The Salt Worms: Part Fourteen


The worm gave an ear-splitting screech as it blasted through the space that divided it from the truck. Its huge mandibles snapped shut faster than could be seen, cleaving the truck in two like it was made of butter. Then the rest of its body followed, scraping across the truck’s frame, breaking it into a hundred different pieces.

Finally, the worm came to rest on the flat field and scuttled about on those innumerable little legs, jerking across the surface in a strange, erratic manner. Antenna whipping through the air, feeling for more vibrations.

Two hundred feet away, Nathan lay face-down in the salt, silently sobbing, still bleeding from his shoulder, wishing his heart would stop beating so loudly! His hands twitched over the opening of his backpack. He didn’t dare make any movement, but he had to be ready to grab the weapon if the worm started to make its way over here.

He was almost able to see the worm out of the corner of his right eye, but not quite, and he didn’t dare to rotate his head to look at it properly. Instead he felt out with his other senses, feeling the rumbling of the ground and hearing the sliding of scales across the salt.

Every now and then the worm rotated in his general direction, but never seemed to advance on him purposefully. Right now his saving grace was that his beating heart was not the only thing making vibrations on the salt fields. The severed truck still had its engine humming, and one or two of the former occupants of the vehicle were wheezing amidst the debris.

The worm did not put those wounded souls out of their misery, though. One of the strange phenomena of Sand Striker Worms was that they always knew which broken and battered bodies were mortally wounded and which would recover, and they only ever bothered to silence the latter.

After another minute Nathan finally heard the sound of the worm slithering back into its hole, and then felt the vibrations under his chest as it moved through its underground tunnel. It had left.

Now he only had to decide what to do about that sniper on the city wall. He had been lying so motionless that any spectator might very well think the bullet had killed him. Unfortunately he couldn’t continue laying here motionless until nightfall, because his shoulder was bleeding badly, and he was sure he would faint from loss of blood within the next fifteen minutes if he didn’t do something to address it. He only had one option.

Gritting his teeth against the pain, Nathan rolled over to his side, and drew a length of bandage from his pocket. He used his knife to cut arm the sleeve off of his shirt, then placed one end of the bandage under his head, pinning it down as he wrapped the rest of it around his bleeding wound. He didn’t give any thought to how good of a patch-up job this was. He only needed to staunch the blood flow enough to last a few more hours.

At this point there still hadn’t been any other gunshot. They must have seen him moving, but taking another shot would almost certainly mean summoning back the worm. Nathan glanced towards the wreckage of the truck. There was no more movement or sound beyond the still-clanking engine. Whoever had survived the worm’s collision had expired already.

Far beyond the truck lay the wall of New Denver. Nathan could just barely make out the silhouettes of the city guards standing there, watching him. Despising him. Probably debating whether it was worth that risk to take another shot at him or not. Well, he might as well play his last card, then.

Nathan raised himself back to a seated position and reached into his backpack, pulling out the last item that remained inside: the actual prototype weapon.
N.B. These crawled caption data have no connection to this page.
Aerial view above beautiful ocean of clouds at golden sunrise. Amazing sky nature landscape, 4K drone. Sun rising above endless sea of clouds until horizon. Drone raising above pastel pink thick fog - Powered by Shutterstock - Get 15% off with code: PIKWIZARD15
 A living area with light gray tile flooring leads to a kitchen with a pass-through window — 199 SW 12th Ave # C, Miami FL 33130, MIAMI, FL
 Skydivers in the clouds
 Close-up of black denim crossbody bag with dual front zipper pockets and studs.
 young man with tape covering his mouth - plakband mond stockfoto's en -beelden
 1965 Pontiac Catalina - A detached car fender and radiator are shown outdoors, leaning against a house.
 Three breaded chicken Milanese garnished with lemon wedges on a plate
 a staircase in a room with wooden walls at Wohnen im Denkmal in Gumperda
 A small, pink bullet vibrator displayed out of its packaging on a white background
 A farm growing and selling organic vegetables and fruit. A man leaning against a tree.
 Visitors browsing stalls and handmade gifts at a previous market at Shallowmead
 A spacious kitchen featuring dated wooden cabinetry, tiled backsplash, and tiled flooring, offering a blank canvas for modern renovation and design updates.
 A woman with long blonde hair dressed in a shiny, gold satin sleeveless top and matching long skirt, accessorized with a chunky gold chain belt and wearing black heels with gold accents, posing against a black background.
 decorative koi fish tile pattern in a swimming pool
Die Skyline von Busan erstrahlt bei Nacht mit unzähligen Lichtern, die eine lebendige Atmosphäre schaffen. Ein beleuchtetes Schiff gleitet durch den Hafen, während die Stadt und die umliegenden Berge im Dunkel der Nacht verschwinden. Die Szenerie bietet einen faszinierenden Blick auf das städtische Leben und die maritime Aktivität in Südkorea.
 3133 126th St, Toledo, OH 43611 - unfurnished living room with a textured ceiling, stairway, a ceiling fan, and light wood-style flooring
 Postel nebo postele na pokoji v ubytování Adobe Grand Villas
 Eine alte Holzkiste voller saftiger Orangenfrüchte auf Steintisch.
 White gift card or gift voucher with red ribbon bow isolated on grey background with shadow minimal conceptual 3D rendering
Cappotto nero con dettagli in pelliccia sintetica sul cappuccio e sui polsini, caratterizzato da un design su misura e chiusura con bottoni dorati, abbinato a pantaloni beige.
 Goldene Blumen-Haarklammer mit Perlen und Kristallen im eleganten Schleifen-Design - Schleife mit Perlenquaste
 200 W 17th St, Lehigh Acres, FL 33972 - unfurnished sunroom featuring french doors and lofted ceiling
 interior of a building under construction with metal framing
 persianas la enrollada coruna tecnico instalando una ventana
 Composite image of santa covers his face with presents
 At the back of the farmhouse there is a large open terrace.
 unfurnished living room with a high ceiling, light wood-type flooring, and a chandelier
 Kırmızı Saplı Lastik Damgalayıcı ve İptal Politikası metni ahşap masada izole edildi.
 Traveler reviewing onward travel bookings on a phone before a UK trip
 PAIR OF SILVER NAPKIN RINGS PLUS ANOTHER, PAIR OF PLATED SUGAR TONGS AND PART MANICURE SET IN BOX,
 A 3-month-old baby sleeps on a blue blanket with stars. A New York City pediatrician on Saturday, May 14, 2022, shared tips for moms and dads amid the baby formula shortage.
It was a fat, rectangular prism, made of matte, black metal, with two buttons and a LED light at the center.

With trembling fingers Nathan pulled an old paperclip from his pocket. He twisted it between his fingers and inserted its end into a hole on the end of the device. One of the lights at the center turned red. Nathan wrapped his hand around the device and pressed in one of its buttons with his thumb, causing the red light to start blinking. Nathan did not release his thumb. If he did, the bomb would go off.

Nathan looked back to the New Denver wall and raised the device high into the air. Could they see it? Would they even be able appreciate how dangerous such a small package could be to them, even at this range?

“Maybe it doesn’t make sense to you,” Nathan said as he pushed himself to his feet, “but why would I show it to you unless it mattered? Unless it was more powerful than it appears?” He turned his back to the city and began stumping forward, leaving a trail of red blood droplets across the clean, white salt. “So, for your own sakes, don’t risk it. Don’t shoot. Just accept that I can’t be stopped anymore…and pray that my plan will work.”

Why do you get to decide everyone else’s fate?” Manuel Carrillo had said to him a year ago.

“Because I have fought and bled and killed too much for anyone to take this choice from me!” Nathan responded in the present day. “I’ve earned the right to decide. I’ve paid the price. So now I get to do what I determine necessary and no one will stop me!”

That was what he should have said to Manny back then. Manny wouldn’t have liked that answer any better, but at least then he would have had the truth before he died.